> _REQUIRED WORK_
Exact repetition of every entry is required.

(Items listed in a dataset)

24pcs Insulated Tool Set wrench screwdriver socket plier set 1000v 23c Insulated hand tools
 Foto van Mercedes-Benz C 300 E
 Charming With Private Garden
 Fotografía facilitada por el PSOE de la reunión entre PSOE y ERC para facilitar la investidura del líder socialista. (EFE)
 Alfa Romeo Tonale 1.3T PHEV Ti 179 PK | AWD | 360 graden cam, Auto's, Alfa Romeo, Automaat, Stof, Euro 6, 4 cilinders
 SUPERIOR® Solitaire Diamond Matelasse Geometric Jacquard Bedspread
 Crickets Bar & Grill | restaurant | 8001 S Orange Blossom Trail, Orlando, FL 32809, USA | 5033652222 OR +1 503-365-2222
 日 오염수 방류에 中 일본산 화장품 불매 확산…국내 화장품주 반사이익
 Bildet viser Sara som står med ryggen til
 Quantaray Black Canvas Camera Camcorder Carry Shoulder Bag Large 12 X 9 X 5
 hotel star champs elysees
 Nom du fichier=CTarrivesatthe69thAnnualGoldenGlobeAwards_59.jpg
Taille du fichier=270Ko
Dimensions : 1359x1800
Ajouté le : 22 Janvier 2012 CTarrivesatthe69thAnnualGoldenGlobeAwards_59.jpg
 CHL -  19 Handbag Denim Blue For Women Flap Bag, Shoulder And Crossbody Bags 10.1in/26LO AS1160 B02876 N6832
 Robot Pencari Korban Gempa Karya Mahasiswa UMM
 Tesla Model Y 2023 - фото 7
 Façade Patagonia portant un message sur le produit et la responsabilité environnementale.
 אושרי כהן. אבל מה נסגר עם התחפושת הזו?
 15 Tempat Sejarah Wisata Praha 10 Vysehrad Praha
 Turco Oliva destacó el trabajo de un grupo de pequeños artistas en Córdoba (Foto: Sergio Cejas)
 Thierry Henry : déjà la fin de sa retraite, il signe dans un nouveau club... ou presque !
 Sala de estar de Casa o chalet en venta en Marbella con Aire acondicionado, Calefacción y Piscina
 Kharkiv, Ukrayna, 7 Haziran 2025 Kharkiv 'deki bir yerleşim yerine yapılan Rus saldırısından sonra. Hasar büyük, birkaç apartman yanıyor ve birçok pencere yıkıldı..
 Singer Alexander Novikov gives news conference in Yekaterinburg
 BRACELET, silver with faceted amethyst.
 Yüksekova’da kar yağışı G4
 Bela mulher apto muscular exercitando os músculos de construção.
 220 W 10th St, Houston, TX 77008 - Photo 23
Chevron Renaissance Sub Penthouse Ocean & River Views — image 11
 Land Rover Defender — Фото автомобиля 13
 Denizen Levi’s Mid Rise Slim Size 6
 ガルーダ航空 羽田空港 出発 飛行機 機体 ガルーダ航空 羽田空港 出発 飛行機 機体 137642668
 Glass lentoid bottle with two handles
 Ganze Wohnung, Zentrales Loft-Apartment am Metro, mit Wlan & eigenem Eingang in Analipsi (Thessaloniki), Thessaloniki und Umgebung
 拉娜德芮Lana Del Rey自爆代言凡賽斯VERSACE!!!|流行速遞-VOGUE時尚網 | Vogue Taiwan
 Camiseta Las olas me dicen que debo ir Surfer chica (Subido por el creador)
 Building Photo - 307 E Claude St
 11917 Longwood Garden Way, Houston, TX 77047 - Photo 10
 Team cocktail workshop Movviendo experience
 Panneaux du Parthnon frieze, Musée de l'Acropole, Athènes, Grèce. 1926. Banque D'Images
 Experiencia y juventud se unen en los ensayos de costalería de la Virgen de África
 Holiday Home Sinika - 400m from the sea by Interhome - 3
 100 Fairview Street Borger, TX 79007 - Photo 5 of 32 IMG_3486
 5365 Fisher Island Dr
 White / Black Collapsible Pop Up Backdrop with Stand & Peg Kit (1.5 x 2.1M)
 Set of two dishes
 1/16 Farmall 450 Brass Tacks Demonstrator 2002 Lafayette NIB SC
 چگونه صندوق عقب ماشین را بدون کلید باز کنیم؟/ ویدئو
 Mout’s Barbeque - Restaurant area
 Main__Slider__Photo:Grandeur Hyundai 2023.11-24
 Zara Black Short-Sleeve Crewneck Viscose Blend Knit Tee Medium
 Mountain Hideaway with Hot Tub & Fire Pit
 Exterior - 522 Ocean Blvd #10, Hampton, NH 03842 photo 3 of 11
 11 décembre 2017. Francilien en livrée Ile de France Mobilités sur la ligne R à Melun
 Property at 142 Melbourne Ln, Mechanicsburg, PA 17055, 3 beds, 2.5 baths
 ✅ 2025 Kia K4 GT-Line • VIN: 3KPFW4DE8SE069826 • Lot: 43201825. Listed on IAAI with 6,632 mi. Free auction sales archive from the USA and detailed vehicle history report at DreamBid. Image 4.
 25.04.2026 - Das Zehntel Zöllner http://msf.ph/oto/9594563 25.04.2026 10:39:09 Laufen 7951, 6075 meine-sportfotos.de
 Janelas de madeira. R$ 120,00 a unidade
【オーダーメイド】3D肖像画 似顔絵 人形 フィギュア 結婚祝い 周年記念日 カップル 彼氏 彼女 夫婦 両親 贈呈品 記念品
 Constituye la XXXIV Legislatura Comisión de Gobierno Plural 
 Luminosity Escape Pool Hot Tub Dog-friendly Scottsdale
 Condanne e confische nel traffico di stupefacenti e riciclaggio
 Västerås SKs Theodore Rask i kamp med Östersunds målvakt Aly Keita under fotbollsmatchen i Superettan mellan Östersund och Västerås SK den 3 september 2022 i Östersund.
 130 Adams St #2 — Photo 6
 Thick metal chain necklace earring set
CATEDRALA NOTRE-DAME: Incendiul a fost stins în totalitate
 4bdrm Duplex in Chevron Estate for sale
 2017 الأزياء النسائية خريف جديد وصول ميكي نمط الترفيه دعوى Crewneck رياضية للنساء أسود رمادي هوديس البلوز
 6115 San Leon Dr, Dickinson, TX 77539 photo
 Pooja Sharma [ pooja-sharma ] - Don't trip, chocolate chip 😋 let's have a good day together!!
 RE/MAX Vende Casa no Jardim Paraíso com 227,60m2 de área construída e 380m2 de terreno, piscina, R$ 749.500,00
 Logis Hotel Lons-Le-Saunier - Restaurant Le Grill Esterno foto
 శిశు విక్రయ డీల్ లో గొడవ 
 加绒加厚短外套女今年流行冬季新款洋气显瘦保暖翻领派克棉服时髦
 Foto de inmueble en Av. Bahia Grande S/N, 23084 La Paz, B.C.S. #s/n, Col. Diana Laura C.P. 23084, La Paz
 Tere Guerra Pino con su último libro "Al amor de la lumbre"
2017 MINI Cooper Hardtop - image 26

> _SOLUTION FOR THIS EXERCISE_
24pcs Insulated Tool Set wrench screwdriver socket plier set 1000v 23c Insulated hand tools
 Foto van Mercedes-Benz C 300 E
 Charming With Private Garden
 Fotografía facilitada por el PSOE de la reunión entre PSOE y ERC para facilitar la investidura del líder socialista. (EFE)
 Alfa Romeo Tonale 1.3T PHEV Ti 179 PK | AWD | 360 graden cam, Auto's, Alfa Romeo, Automaat, Stof, Euro 6, 4 cilinders
 SUPERIOR® Solitaire Diamond Matelasse Geometric Jacquard Bedspread
 Crickets Bar & Grill | restaurant | 8001 S Orange Blossom Trail, Orlando, FL 32809, USA | 5033652222 OR +1 503-365-2222
 日 오염수 방류에 中 일본산 화장품 불매 확산…국내 화장품주 반사이익
 Bildet viser Sara som står med ryggen til
 Quantaray Black Canvas Camera Camcorder Carry Shoulder Bag Large 12 X 9 X 5
 hotel star champs elysees
 Nom du fichier=CTarrivesatthe69thAnnualGoldenGlobeAwards_59.jpg
Taille du fichier=270Ko
Dimensions : 1359x1800
Ajouté le : 22 Janvier 2012 CTarrivesatthe69thAnnualGoldenGlobeAwards_59.jpg
 CHL -  19 Handbag Denim Blue For Women Flap Bag, Shoulder And Crossbody Bags 10.1in/26LO AS1160 B02876 N6832
 Robot Pencari Korban Gempa Karya Mahasiswa UMM
 Tesla Model Y 2023 - фото 7
 Façade Patagonia portant un message sur le produit et la responsabilité environnementale.
 אושרי כהן. אבל מה נסגר עם התחפושת הזו?
 15 Tempat Sejarah Wisata Praha 10 Vysehrad Praha
 Turco Oliva destacó el trabajo de un grupo de pequeños artistas en Córdoba (Foto: Sergio Cejas)
 Thierry Henry : déjà la fin de sa retraite, il signe dans un nouveau club... ou presque !
 Sala de estar de Casa o chalet en venta en Marbella con Aire acondicionado, Calefacción y Piscina
 Kharkiv, Ukrayna, 7 Haziran 2025 Kharkiv 'deki bir yerleşim yerine yapılan Rus saldırısından sonra. Hasar büyük, birkaç apartman yanıyor ve birçok pencere yıkıldı..
 Singer Alexander Novikov gives news conference in Yekaterinburg
 BRACELET, silver with faceted amethyst.
 Yüksekova’da kar yağışı G4
 Bela mulher apto muscular exercitando os músculos de construção.
 220 W 10th St, Houston, TX 77008 - Photo 23
Chevron Renaissance Sub Penthouse Ocean & River Views — image 11
 Land Rover Defender — Фото автомобиля 13
 Denizen Levi’s Mid Rise Slim Size 6
 ガルーダ航空 羽田空港 出発 飛行機 機体 ガルーダ航空 羽田空港 出発 飛行機 機体 137642668
 Glass lentoid bottle with two handles
 Ganze Wohnung, Zentrales Loft-Apartment am Metro, mit Wlan & eigenem Eingang in Analipsi (Thessaloniki), Thessaloniki und Umgebung
 拉娜德芮Lana Del Rey自爆代言凡賽斯VERSACE!!!|流行速遞-VOGUE時尚網 | Vogue Taiwan
 Camiseta Las olas me dicen que debo ir Surfer chica (Subido por el creador)
 Building Photo - 307 E Claude St
 11917 Longwood Garden Way, Houston, TX 77047 - Photo 10
 Team cocktail workshop Movviendo experience
 Panneaux du Parthnon frieze, Musée de l'Acropole, Athènes, Grèce. 1926. Banque D'Images
 Experiencia y juventud se unen en los ensayos de costalería de la Virgen de África
 Holiday Home Sinika - 400m from the sea by Interhome - 3
 100 Fairview Street Borger, TX 79007 - Photo 5 of 32 IMG_3486
 5365 Fisher Island Dr
 White / Black Collapsible Pop Up Backdrop with Stand & Peg Kit (1.5 x 2.1M)
 Set of two dishes
 1/16 Farmall 450 Brass Tacks Demonstrator 2002 Lafayette NIB SC
 چگونه صندوق عقب ماشین را بدون کلید باز کنیم؟/ ویدئو
 Mout’s Barbeque - Restaurant area
 Main__Slider__Photo:Grandeur Hyundai 2023.11-24
 Zara Black Short-Sleeve Crewneck Viscose Blend Knit Tee Medium
 Mountain Hideaway with Hot Tub & Fire Pit
 Exterior - 522 Ocean Blvd #10, Hampton, NH 03842 photo 3 of 11
 11 décembre 2017. Francilien en livrée Ile de France Mobilités sur la ligne R à Melun
 Property at 142 Melbourne Ln, Mechanicsburg, PA 17055, 3 beds, 2.5 baths
 ✅ 2025 Kia K4 GT-Line • VIN: 3KPFW4DE8SE069826 • Lot: 43201825. Listed on IAAI with 6,632 mi. Free auction sales archive from the USA and detailed vehicle history report at DreamBid. Image 4.
 25.04.2026 - Das Zehntel Zöllner http://msf.ph/oto/9594563 25.04.2026 10:39:09 Laufen 7951, 6075 meine-sportfotos.de
 Janelas de madeira. R$ 120,00 a unidade
【オーダーメイド】3D肖像画 似顔絵 人形 フィギュア 結婚祝い 周年記念日 カップル 彼氏 彼女 夫婦 両親 贈呈品 記念品
 Constituye la XXXIV Legislatura Comisión de Gobierno Plural 
 Luminosity Escape Pool Hot Tub Dog-friendly Scottsdale
 Condanne e confische nel traffico di stupefacenti e riciclaggio
 Västerås SKs Theodore Rask i kamp med Östersunds målvakt Aly Keita under fotbollsmatchen i Superettan mellan Östersund och Västerås SK den 3 september 2022 i Östersund.
 130 Adams St #2 — Photo 6
 Thick metal chain necklace earring set
CATEDRALA NOTRE-DAME: Incendiul a fost stins în totalitate
 4bdrm Duplex in Chevron Estate for sale
 2017 الأزياء النسائية خريف جديد وصول ميكي نمط الترفيه دعوى Crewneck رياضية للنساء أسود رمادي هوديس البلوز
 6115 San Leon Dr, Dickinson, TX 77539 photo
 Pooja Sharma [ pooja-sharma ] - Don't trip, chocolate chip 😋 let's have a good day together!!
 RE/MAX Vende Casa no Jardim Paraíso com 227,60m2 de área construída e 380m2 de terreno, piscina, R$ 749.500,00
 Logis Hotel Lons-Le-Saunier - Restaurant Le Grill Esterno foto
 శిశు విక్రయ డీల్ లో గొడవ 
 加绒加厚短外套女今年流行冬季新款洋气显瘦保暖翻领派克棉服时髦
 Foto de inmueble en Av. Bahia Grande S/N, 23084 La Paz, B.C.S. #s/n, Col. Diana Laura C.P. 23084, La Paz
 Tere Guerra Pino con su último libro "Al amor de la lumbre"
2017 MINI Cooper Hardtop - image 26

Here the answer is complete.